Find area of a triangle formed by joining mid-points of sides of another triangle whose vertices are (0, -1), (2, 1) and (0, 3). Find ratio of this area to the area of the given triangle.

Answer 1

Vertices of the given triangle are A $(0,-1),B(2,1),C(0,3)$.
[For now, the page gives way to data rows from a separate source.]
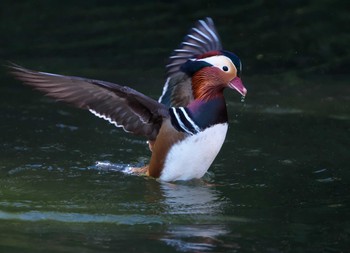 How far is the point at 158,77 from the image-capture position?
10008mm

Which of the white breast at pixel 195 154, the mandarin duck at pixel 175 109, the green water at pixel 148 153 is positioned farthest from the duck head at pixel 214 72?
the green water at pixel 148 153

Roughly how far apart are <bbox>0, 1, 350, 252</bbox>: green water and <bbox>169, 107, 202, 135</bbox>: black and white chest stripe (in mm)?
441

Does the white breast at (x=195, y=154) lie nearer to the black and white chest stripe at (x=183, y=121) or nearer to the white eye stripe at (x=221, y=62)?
the black and white chest stripe at (x=183, y=121)

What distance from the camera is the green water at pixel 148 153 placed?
568cm

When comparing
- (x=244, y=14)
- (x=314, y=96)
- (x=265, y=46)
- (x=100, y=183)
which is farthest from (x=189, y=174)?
(x=244, y=14)

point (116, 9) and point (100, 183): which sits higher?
point (116, 9)

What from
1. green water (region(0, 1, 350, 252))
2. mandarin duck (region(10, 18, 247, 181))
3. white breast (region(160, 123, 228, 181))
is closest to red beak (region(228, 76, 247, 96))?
mandarin duck (region(10, 18, 247, 181))

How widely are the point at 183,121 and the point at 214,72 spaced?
48 centimetres

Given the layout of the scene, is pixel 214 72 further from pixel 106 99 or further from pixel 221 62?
pixel 106 99

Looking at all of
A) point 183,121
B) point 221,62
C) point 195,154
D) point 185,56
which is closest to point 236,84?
point 221,62

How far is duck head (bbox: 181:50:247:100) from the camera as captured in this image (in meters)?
6.85

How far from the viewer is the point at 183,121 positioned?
22.3ft

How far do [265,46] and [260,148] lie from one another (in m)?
3.39

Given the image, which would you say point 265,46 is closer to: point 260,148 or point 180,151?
point 260,148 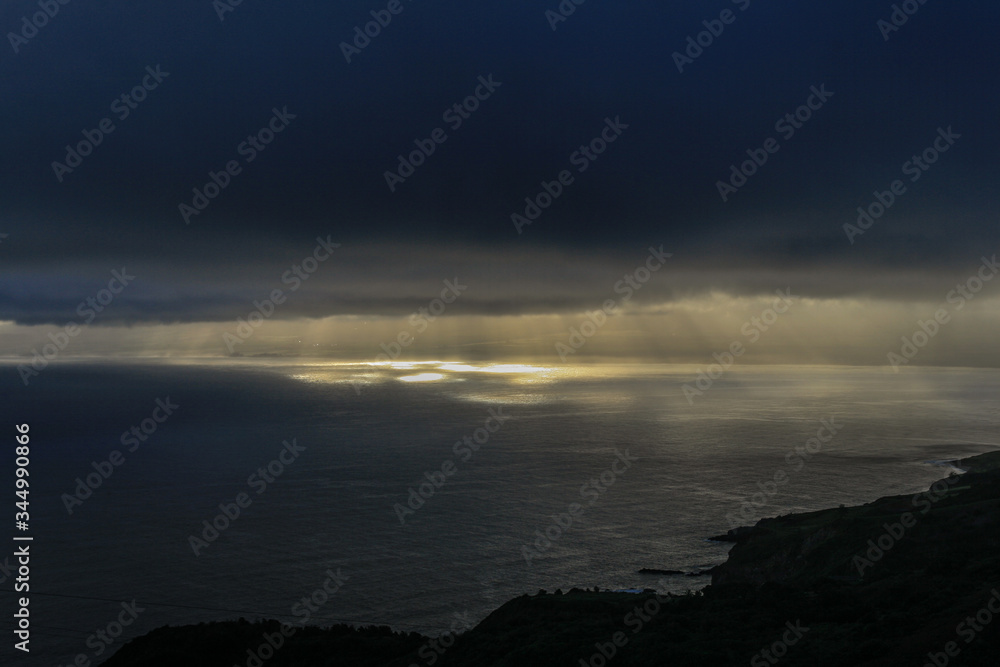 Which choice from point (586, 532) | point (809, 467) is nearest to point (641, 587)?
point (586, 532)

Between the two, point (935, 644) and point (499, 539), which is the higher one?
point (935, 644)

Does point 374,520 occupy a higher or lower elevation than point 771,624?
lower

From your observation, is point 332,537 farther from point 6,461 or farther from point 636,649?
point 6,461

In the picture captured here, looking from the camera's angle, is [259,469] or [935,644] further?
[259,469]

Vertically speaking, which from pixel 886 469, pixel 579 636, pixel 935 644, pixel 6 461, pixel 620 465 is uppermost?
pixel 935 644

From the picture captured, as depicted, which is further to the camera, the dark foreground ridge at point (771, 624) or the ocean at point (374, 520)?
the ocean at point (374, 520)

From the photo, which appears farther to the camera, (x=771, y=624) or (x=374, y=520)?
(x=374, y=520)

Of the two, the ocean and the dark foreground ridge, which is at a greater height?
the dark foreground ridge

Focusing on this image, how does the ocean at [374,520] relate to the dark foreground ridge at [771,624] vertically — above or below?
below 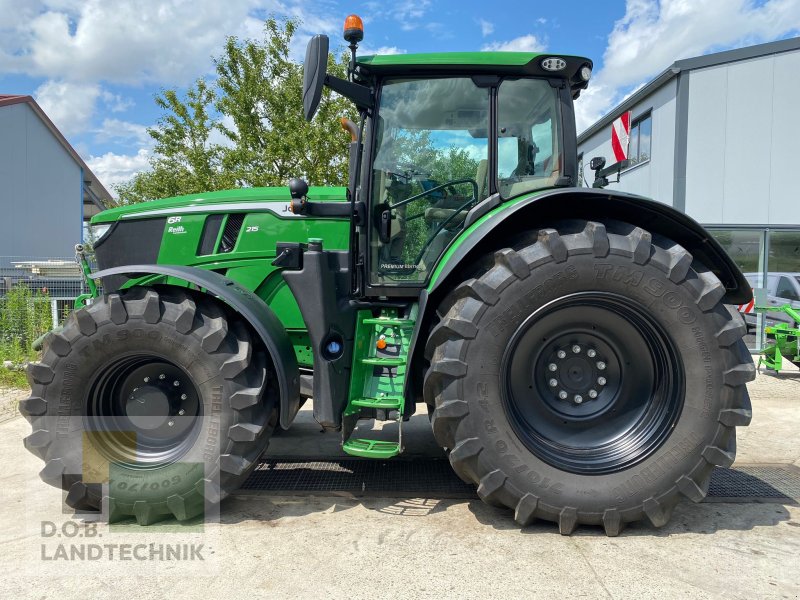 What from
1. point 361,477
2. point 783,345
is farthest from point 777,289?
point 361,477

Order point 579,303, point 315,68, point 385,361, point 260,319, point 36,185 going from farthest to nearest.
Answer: point 36,185 < point 385,361 < point 260,319 < point 579,303 < point 315,68

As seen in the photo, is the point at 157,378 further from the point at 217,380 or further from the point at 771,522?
the point at 771,522

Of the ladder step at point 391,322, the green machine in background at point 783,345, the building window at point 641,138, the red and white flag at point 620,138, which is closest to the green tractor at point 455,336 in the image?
the ladder step at point 391,322

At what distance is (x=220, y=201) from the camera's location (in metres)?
3.79

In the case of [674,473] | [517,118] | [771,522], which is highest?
[517,118]

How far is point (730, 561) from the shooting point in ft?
8.29

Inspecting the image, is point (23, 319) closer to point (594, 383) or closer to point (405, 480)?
point (405, 480)

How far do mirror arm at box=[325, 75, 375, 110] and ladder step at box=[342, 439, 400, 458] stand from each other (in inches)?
78.5

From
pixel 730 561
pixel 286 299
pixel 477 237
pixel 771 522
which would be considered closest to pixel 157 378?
pixel 286 299

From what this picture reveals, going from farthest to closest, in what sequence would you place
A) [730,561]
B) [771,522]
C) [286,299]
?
[286,299] → [771,522] → [730,561]

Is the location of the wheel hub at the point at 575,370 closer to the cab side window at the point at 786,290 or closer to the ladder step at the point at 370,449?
the ladder step at the point at 370,449

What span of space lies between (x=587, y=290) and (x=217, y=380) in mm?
2006

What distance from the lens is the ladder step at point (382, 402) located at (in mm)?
3014

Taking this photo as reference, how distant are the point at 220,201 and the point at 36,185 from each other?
769 inches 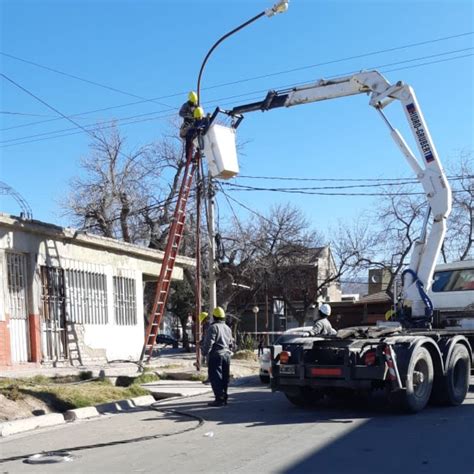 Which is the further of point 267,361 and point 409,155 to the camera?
point 267,361

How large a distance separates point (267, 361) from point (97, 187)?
23126 mm

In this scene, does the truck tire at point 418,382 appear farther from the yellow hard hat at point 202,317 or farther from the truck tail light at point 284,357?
the yellow hard hat at point 202,317

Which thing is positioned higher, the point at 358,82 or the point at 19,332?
the point at 358,82

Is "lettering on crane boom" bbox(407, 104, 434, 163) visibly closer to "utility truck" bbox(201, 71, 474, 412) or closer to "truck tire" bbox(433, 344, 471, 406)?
"utility truck" bbox(201, 71, 474, 412)

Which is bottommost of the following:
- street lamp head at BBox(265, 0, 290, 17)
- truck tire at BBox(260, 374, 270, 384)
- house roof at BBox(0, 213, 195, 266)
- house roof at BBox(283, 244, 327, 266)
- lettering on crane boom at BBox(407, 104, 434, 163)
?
truck tire at BBox(260, 374, 270, 384)

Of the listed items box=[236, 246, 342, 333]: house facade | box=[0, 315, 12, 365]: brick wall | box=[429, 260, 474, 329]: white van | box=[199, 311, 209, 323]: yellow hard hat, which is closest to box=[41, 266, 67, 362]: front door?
box=[0, 315, 12, 365]: brick wall

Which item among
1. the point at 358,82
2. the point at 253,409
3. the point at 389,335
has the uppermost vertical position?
the point at 358,82

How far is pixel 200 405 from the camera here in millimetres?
11516

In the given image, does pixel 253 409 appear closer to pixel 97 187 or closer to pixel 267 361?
pixel 267 361

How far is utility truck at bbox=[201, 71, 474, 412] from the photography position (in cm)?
962

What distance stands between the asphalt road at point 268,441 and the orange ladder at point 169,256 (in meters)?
4.98

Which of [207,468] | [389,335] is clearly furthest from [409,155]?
[207,468]

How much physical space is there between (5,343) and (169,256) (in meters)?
4.37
Let D, E, F be mid-points of its sides.
Coordinates of D, E, and F are given by
$D=(\frac{0+2}{2},\frac{-1+1}{2})=(1,0)$
$E=(\frac{0+0}{2},\frac{3-1}{2})=(0,1)$
$F=(\frac{2+0}{2},\frac{1+3}{2})=(1,2)$
Area of a triangle
= $\frac{1}{2}\left\{x_1\right(y_2-y_3)+x_2(y_3-y_1)+x_3(y_1-y_2\left)\right\}$
Area of $\Delta DEF=\frac{1}{2}\left\{1\right(2-1)+1(1-0)+0(0-2\left)\right\}$
$=\frac{1}{2}(1+1)=1squareunits$
Area of $\Delta ABC=\frac{1}{2}\left[0\right(1-3)+2\{3-(-1\left)\right\}+0(-1-1\left)\right]$
$=\frac{1}{2}\left\{8\right\}=4squareunits$
Therefore, the required ratio is 1:4.